I left Vietnam in July, 1970 that story is elsewhere on this site.  This is a better story.  Some of you will find this page before the trip page; click thru to include India, Israel, Jordan and Egypt.

Feb 22, 2004

Five minutes before departure from Hong Kong, we're handed a SARS warning and questionnaire. "You may be quarantined if you have any of these symptoms: blah, blah, blah." Lots of grumbling from passengers, as in "What can we do now, cancel our trip?" but I forge on.

Two and one-half hours later and eighteen hours out of San Francisco I land in the wonder of Ho Chi Minh City aka Saigon aka Tan San Nhat Airbase amid what X-gamers would think are inverted half-pipes and Vietnam vets recall as fortified concrete hangers for fighter jets. Yep, they're still here. No jets stored within - the jets of today's "Socialist Republic of Vietnam" are on display on the other side of the airport as we taxi past.

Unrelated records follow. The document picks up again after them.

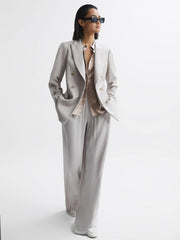 Reiss Tops | Aubrey Silk Short Sleeve Button Through Shirt Champagne - Women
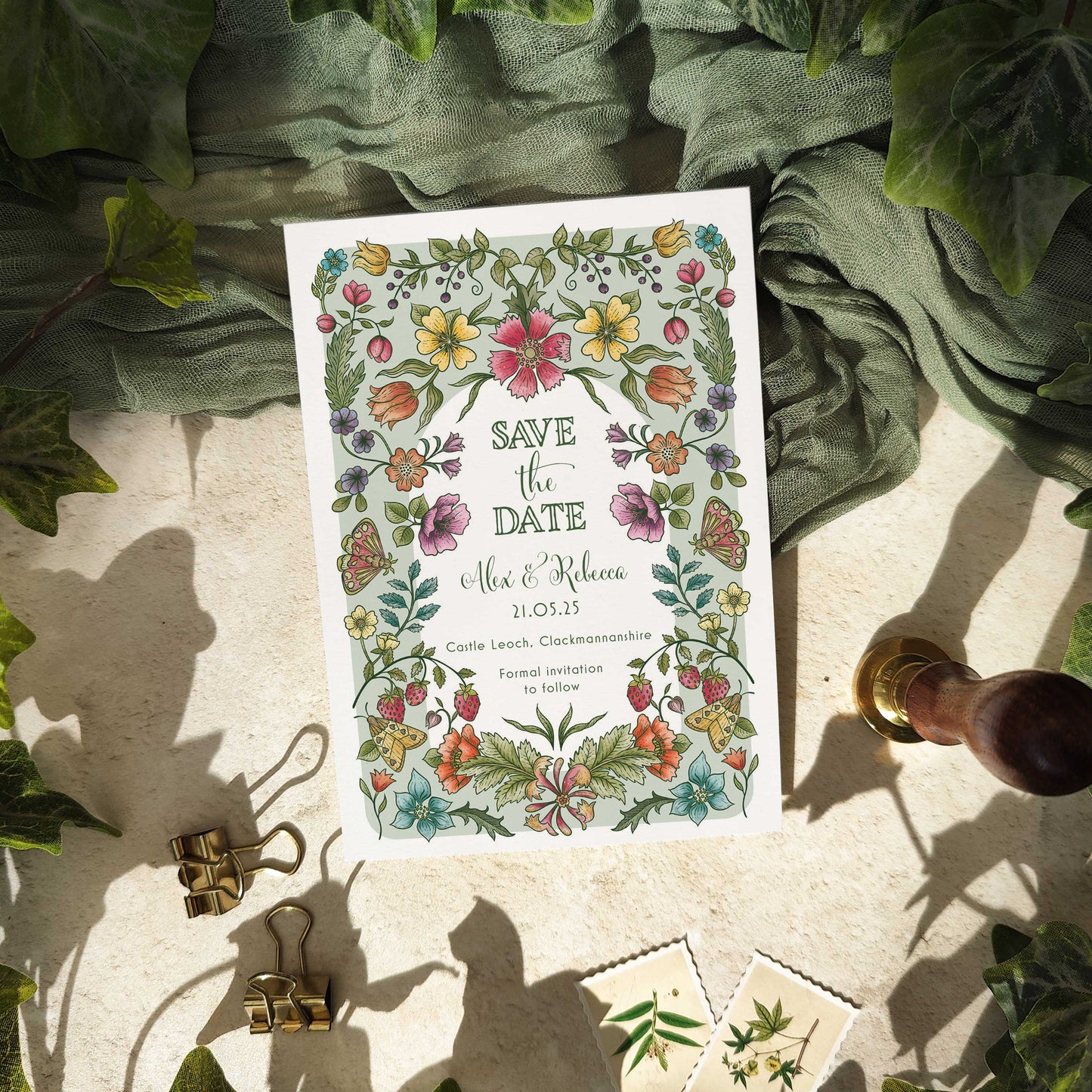 Folk Florals Save The Date Card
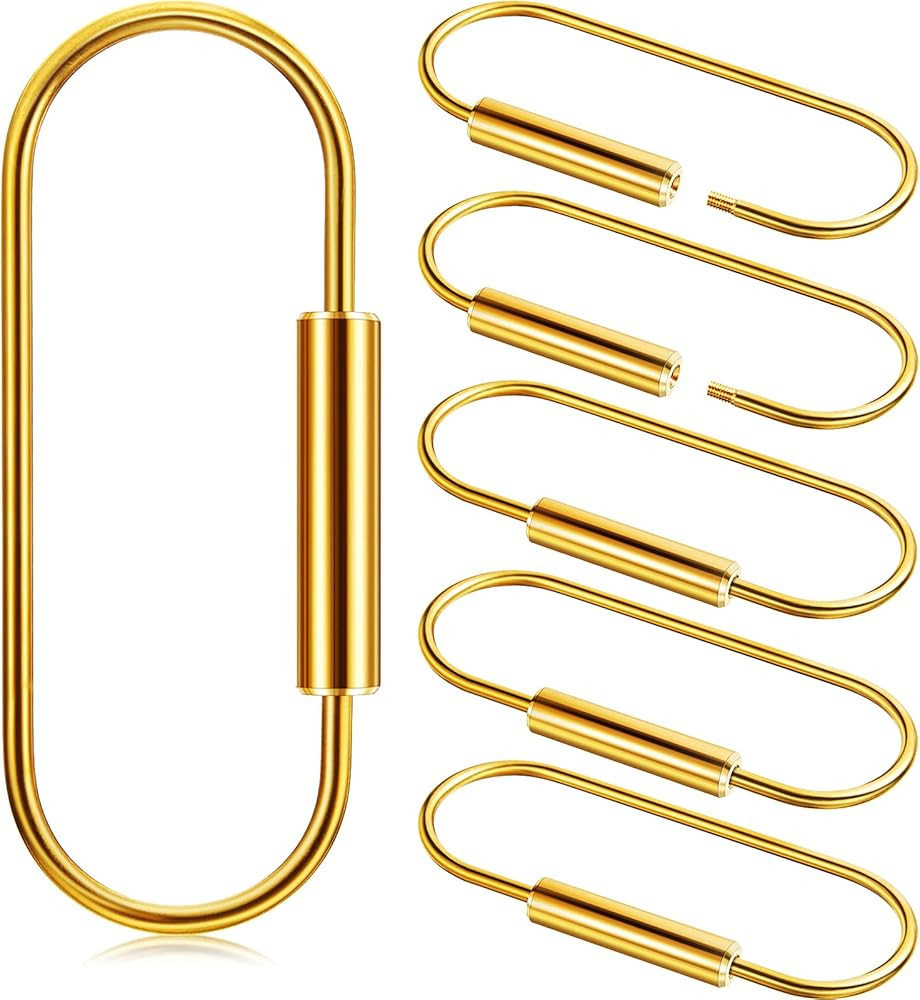 WILLBOND Brass Key Ring Gold Screw Lock Keychain Durable Brass Screw Clip Simple Style Keychain f... | Amazon (US)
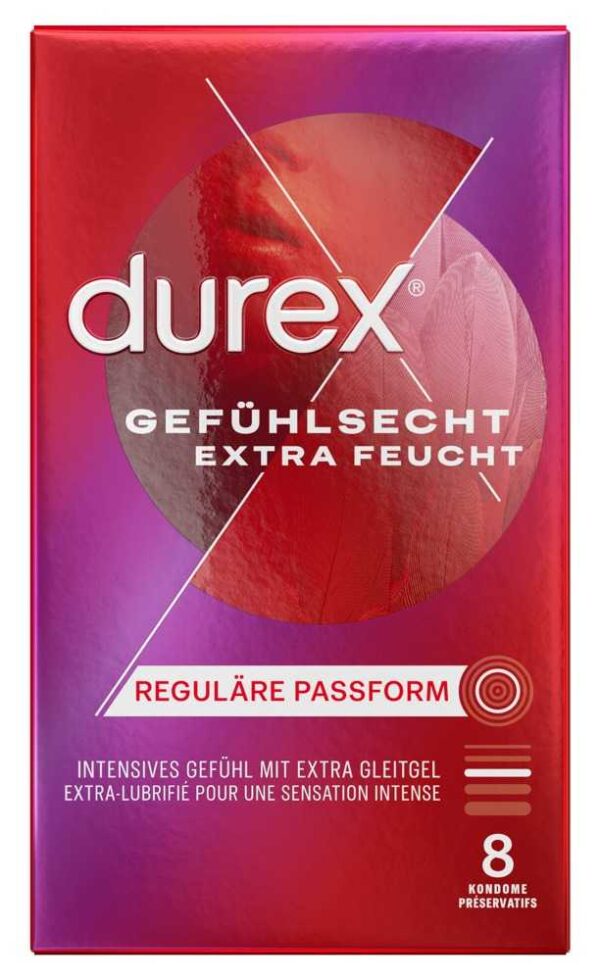 Durex 8 Gefühlsecht Extra Feucht Kondome 56 mm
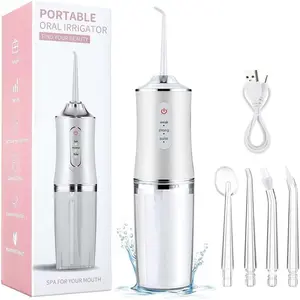 Electric Water Flosser Cordless for Teeth 3 Modes 4 Jet Tips Cleaning and Flossing Water Dental Portable Floss Irrigator Oral Water Flossed Rechargeable  Travel Adults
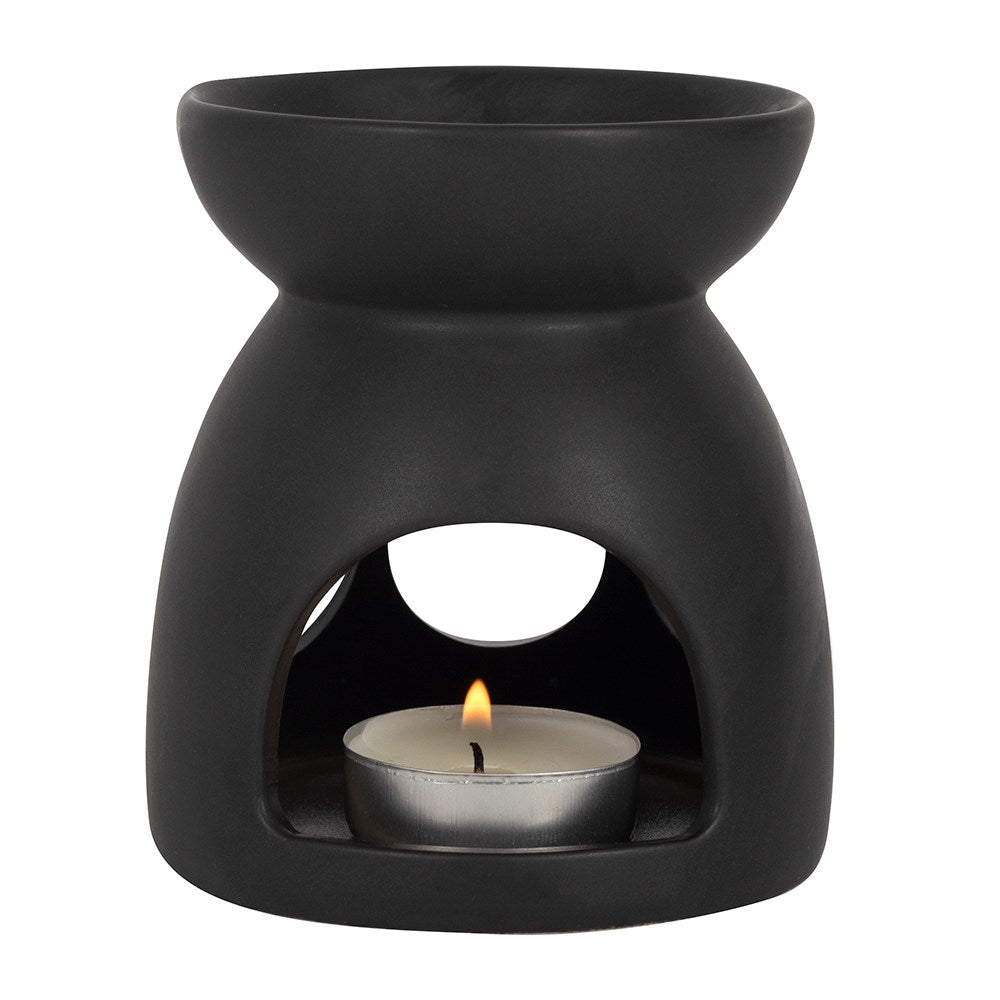 Triple Moon – schwarze Keramik-Duftlampe für Duftöl &amp; Wachs-Melts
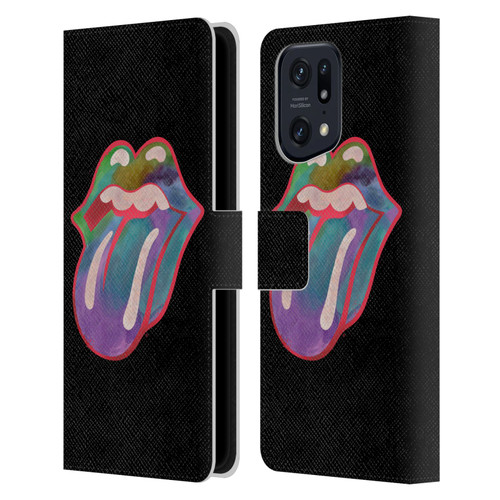 The Rolling Stones Graphics Watercolour Tongue Leather Book Wallet Case Cover For OPPO Find X5 Pro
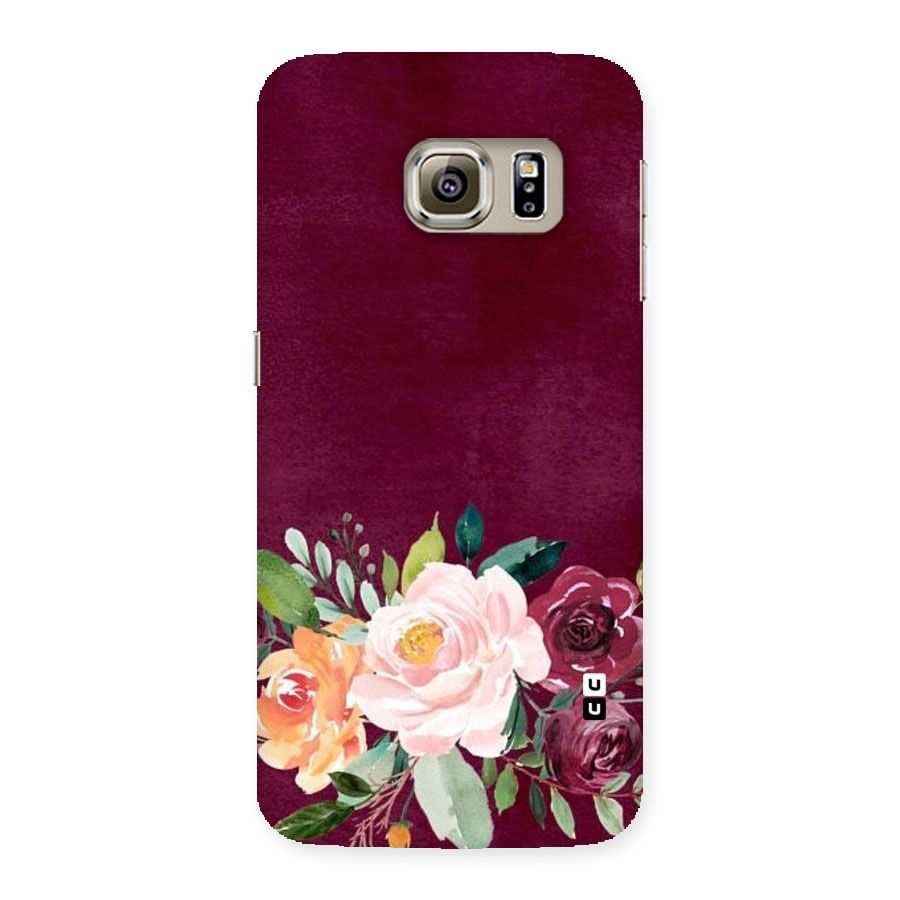 Plum Floral Design Back Case for Samsung Galaxy S6 Edge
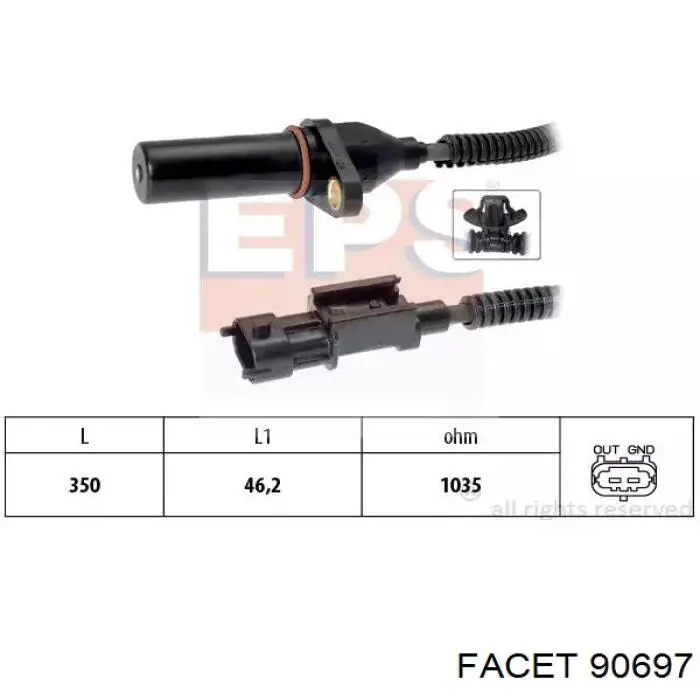 9.0697 Facet sensor de posición del cigüeñal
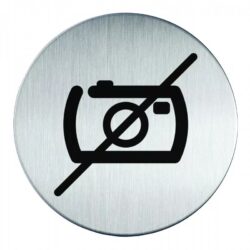 Novioproducts Pictogram zelfklevend rond geen foto's RVS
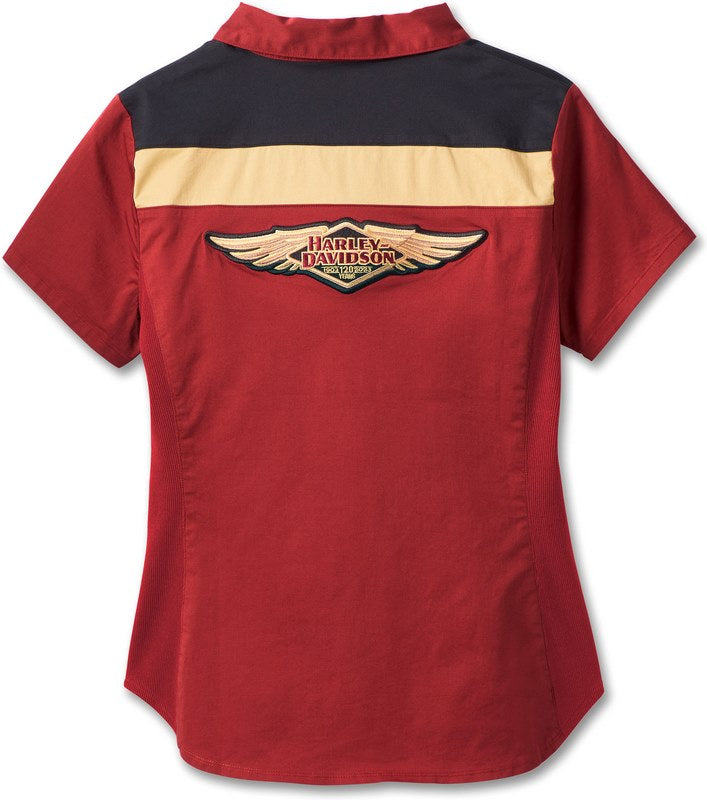 Harley-Davidson Women'S 120Th Anniversary Elemental Zip Front Shirt Colorblock-Design-Merlot | 96750-23VW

I just flew into Ton San Nhat Airbase once - April, 1970 - to see my adopted dad, Bob Rose. Then I saw U.S. military aircraft. I know we also could have seen Pan American contract 707s ferrying us in and out of country. Today the field contains a myriad of livery colors for jets from around the world. I'm very pleased the world has found Vietnam and found it to be a better place than we left it.

Entering customs I see an infrared picture of myself. These folks are serious. If you filled out your SARS quarantine form with, ah, no sir, "I don't have a temperature above 101 degrees F" they would have napped you anyway. I saw no one napped.

Outside baggage, I'm met by Lam, age 26, who will be my guide for the afternoon in Ho Chi Minh City. Lam graduated with a teaching degree from one of the Universities in Mekong Delta. One of? You mean there are many? Yep. Each has a particular flavor just as in the colleges of our universities in the U.S.

Lam is pretty easy to talk with; as I ask him for more Vietnamese, he wants to improve his English. We help each other. Lam's farming grown and bred father was in the "American" war for one month; then he purposely cut off his thumb and got a discharge. Sounds like some of the actions a few took in the U.S. in order to not go to the "Vietnam" war.